In part, perhaps. However, when faced with the stark choices in survival events, we humans tend to pull together, regardless of the usual superficial differences that drive much of the rage today. I'm thinking of 9/11 and the volumes of spontaneous behavior to help each other - often heroically. Or the Boston marathon bombing - seconds after the explosion, CCTV shows people running **toward** the blast to help.
But much of the fear with respect to AI is not survival in nature. Certainly not physical survival. That's too abstract for the average consumer feeding at the social media trough. I believe it has more to do with core identity issues (to distinguish if from the manufactured and curated identity so prevalent today.) Fear seated in lost status, promised and yet unrealized rewards, or fractured self-esteem.
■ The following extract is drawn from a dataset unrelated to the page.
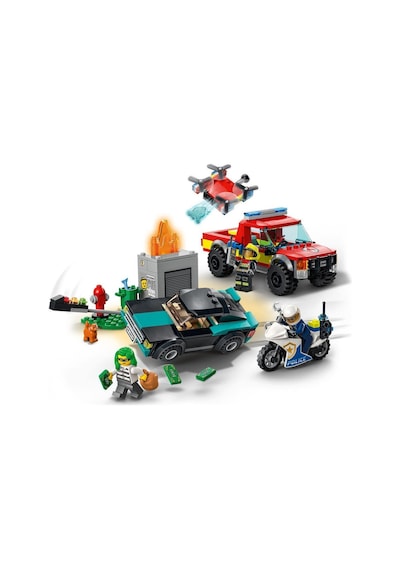 LEGO® City 60319 İtfaiye Kurtarma Operasyonu ve Polis Takibi 60319 295 Parça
I forget where I read this, but it was a study of history and the origins of various revolts. It wasn't the peasant class, those with their focus on day-to-day survival, that start revolts. It's the not-quite-upper class that usually kicks things off. As their ranks increase, the opportunity for a seat at the limited-seating upper class table shrink. This they do not like, so they rally the peasantry to assist with the overthrow.
I'm generalizing a much more lengthily presentation, of course. And I wonder if we may see this play out in real-time as the ranks of university credentialed people - promised a seat at the upper class table once they have paper in hand - continue to grow and yet find themselves fighting for that coveted afternoon shift at Starbucks.